Delta Lake Tables For Optimal Direct Lake Performance In Fabric Python Notebook

Sandeep PawarSandeep Pawar
11 min read

In my last blog, I showed how to use Polars in a Fabric Python notebook to read, write and transform data. What I did not cover was how to write a Delta Lake table in a Python notebook that’s optimal for DirectLake performance. All engines in Fabric (except for KQL and Python) create a VORDER’d table. So how do you create a Delta Table in a Python notebook since you need Spark to VORDER a table ?

Well, we know that:

  • Power BI semantic models in large format use 8M row segment size so we can create delta table that use large rowgroups.

  • When you create delta table with VORDER, massive row groups are created to apply VORDER on as much data as possible.

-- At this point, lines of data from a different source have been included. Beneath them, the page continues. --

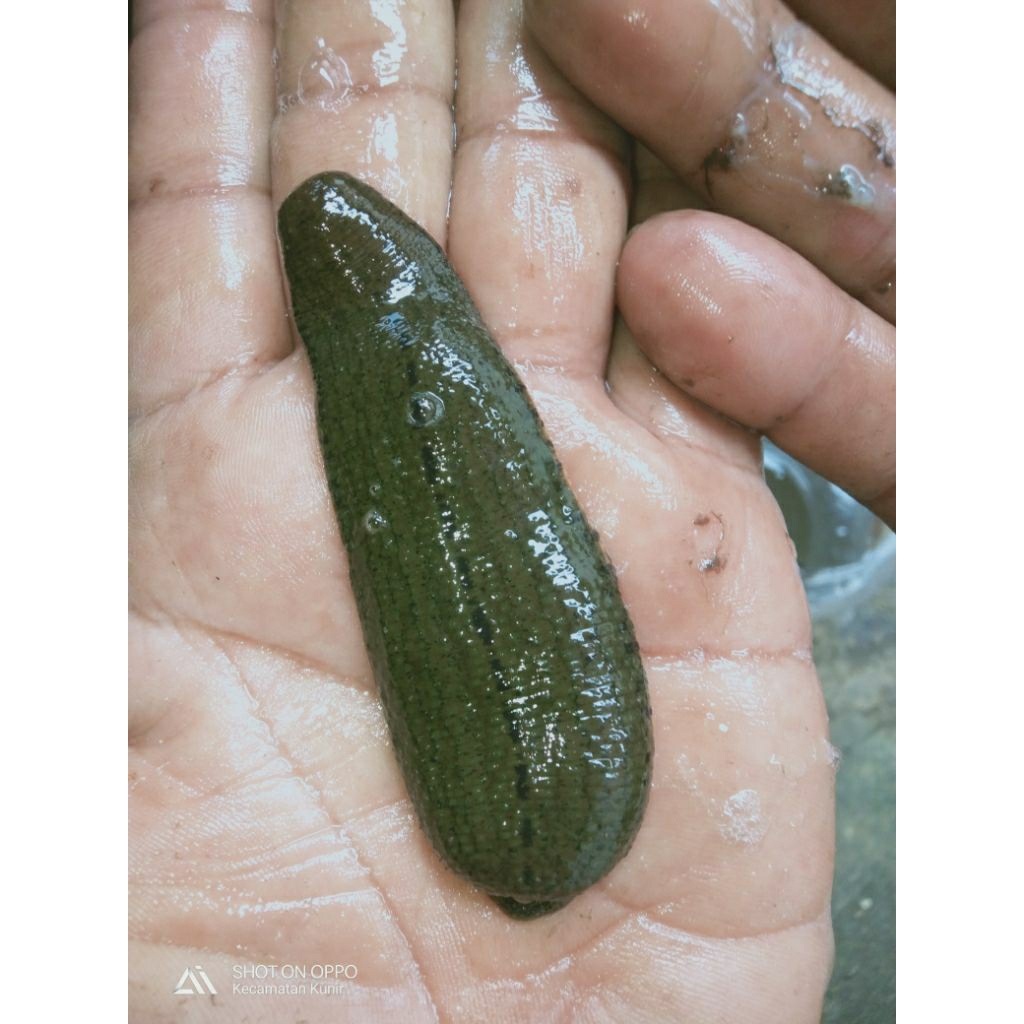 lintah terapi ukuran besar jumbo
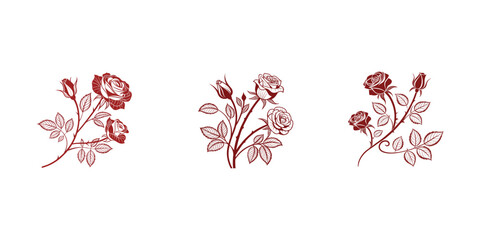 Elegant Burgundy Rose Branches on White Background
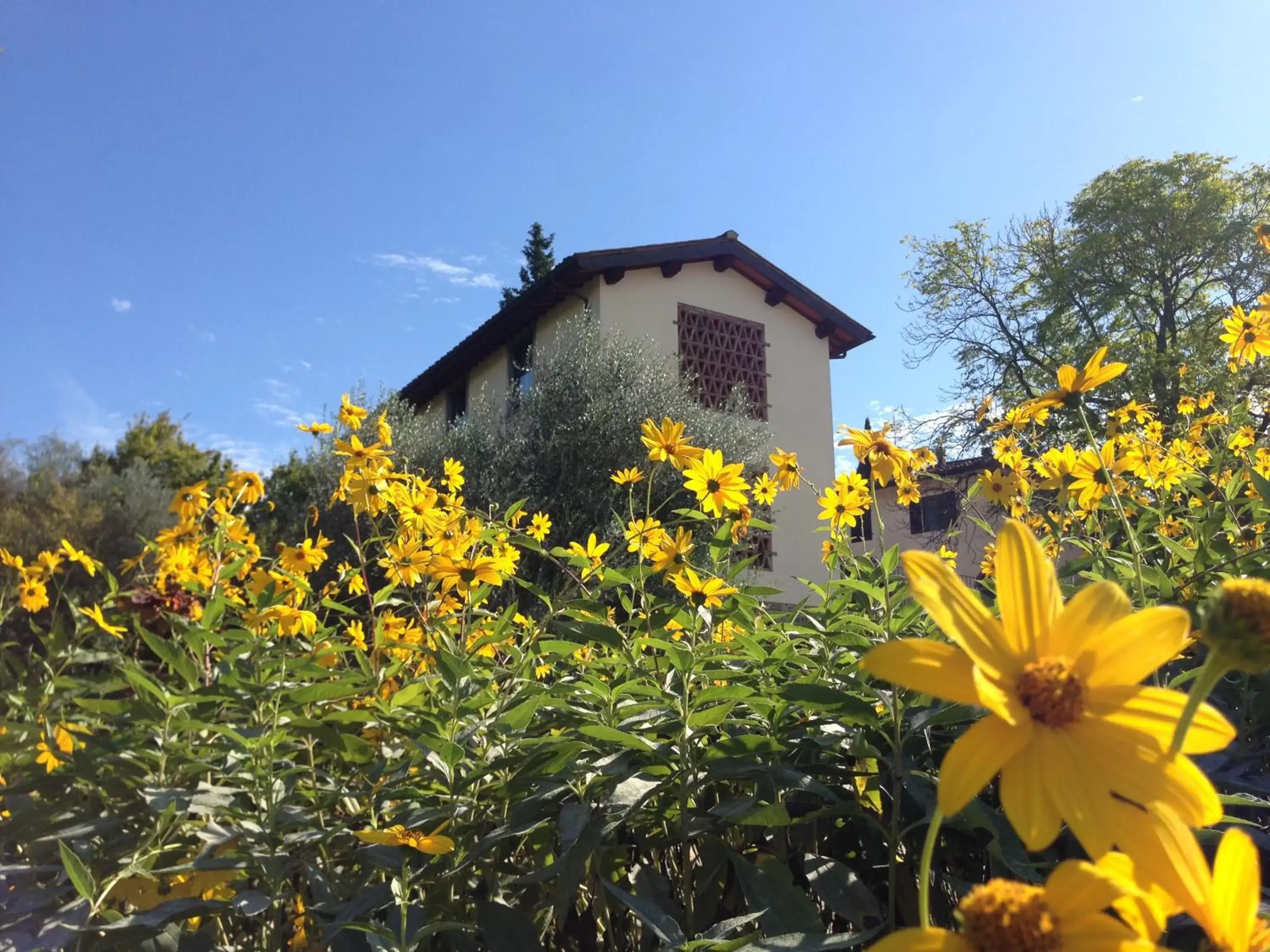 Il Poggiolo Delle Rose Bed&Breakfast Il Poggiolo Delle Rose Bed&Breakfast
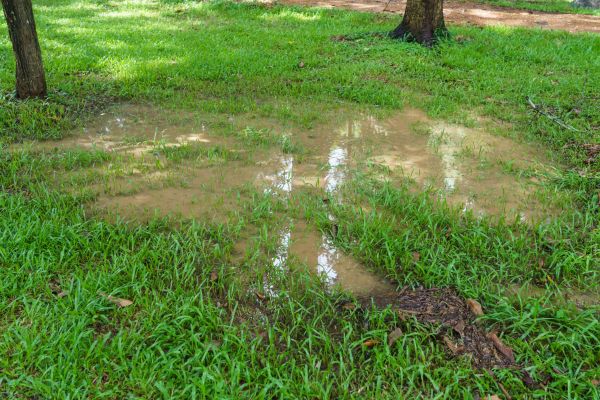 Cost of Storm Water Drainage Service in Winston Salem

  • Large rowgroups help parquet performance

In Polars, we can change the delta_write_options and define the rowgroup size we want. I did that and compared the performance with Spark. Creating large rowgroups can affect write performance, so I measured that as well along with some spark & polars (and Daft) performance.

Setup:

  • Spark: RT1.3, Default spark pool, 8 cores, 64GB, single node. No spark conf changes.

  • Python : polars v1.6, used default 2 cores/16GB and tested with 4 cores/32GB as well

  • Power BI : Custom semantic model with Automatic DL behavior, no other changes

  • All metrics are cold cache

  • I repeated the tests several times to make sure it’s reproducible. The durations may be ± 1s.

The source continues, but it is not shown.